Densho Digital Archive
Raechel Donahue and Garrett Lindemann Collection
Title: Kazuo Shiroyama Interview
Narrator: Kazuo Shiroyama
Interviewer: Raechel Donahue
Location:
Date: 2010
Densho ID: denshovh-skazuo-01-0002

<Begin Segment 2>

RD: Do you remember the day and the days that were leading up to when you were told you were going to be going away?

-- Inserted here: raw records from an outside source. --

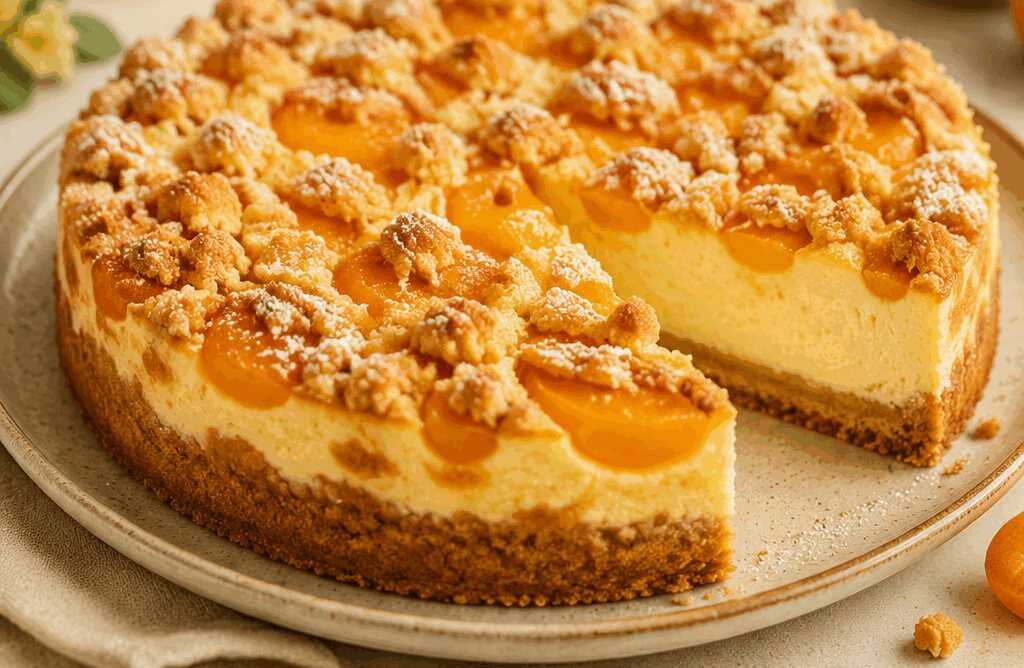 Käsekuchen-Traum mit Aprikosen und Streusel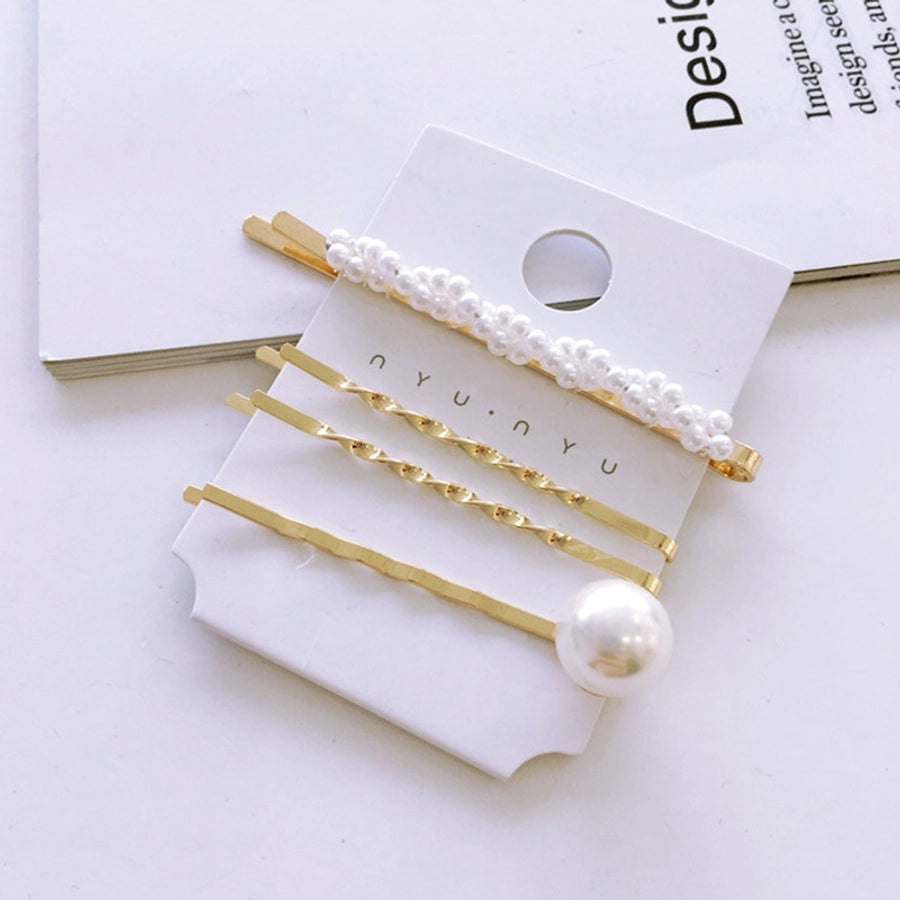 fashion geometric alloy plating artificial pearls hair clip 1 set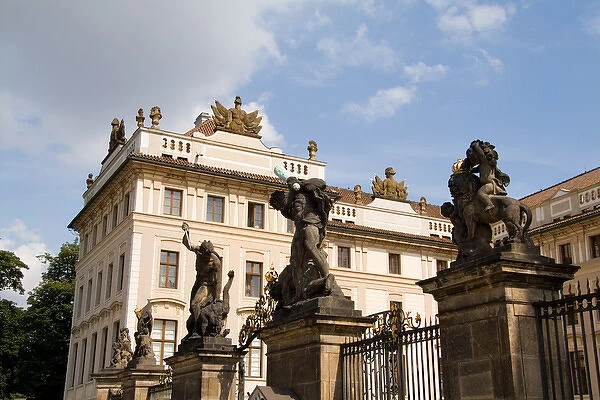 Gate to enter the Archbishop Palace of tourist city of Prague in Czech Republic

KS: All of the men in our neighborhood were taken away by the FBI, because they were all fishermen. And all the Japanese involved in fishing were taken away because of the high risk conditions. And that just left the housewives and children. And so we had no relatives here, but a close family friend had a restaurant business in Japanese town, and she managed to get us over there to stay at an empty Buddhist temple so that we could register as residents of Japanese town. There were three families living on that Buddhist temple, right on First Street there. And we waited until we were notified to be sent to Santa Anita Assembly Center, and we were just allowed to take one suitcase per person.

RD: Let's backtrack a little bit. How were you told?

KS: I don't remember. Being twelve years old and the oldest in the family, I had a younger sister and brother... apparently my mother and the other two mothers of the two families living in the Buddhist temple were notified when to be at a certain corner to board the bus to be driven over to Santa Anita. And apparently many families were notified to be there at that given day and time, because there were more than three or four buses there. Nob, do you remember how many buses were there? There was about half a dozen buses there. But there was a lot of people waiting to be boarded, so they were all notified.

RD: Do you remember seeing people you knew?

KS: No, because we were from Wilmington, and because of our family friend in Japanese town who got us to move into the Buddhist temple, I knew nobody in Japanese town.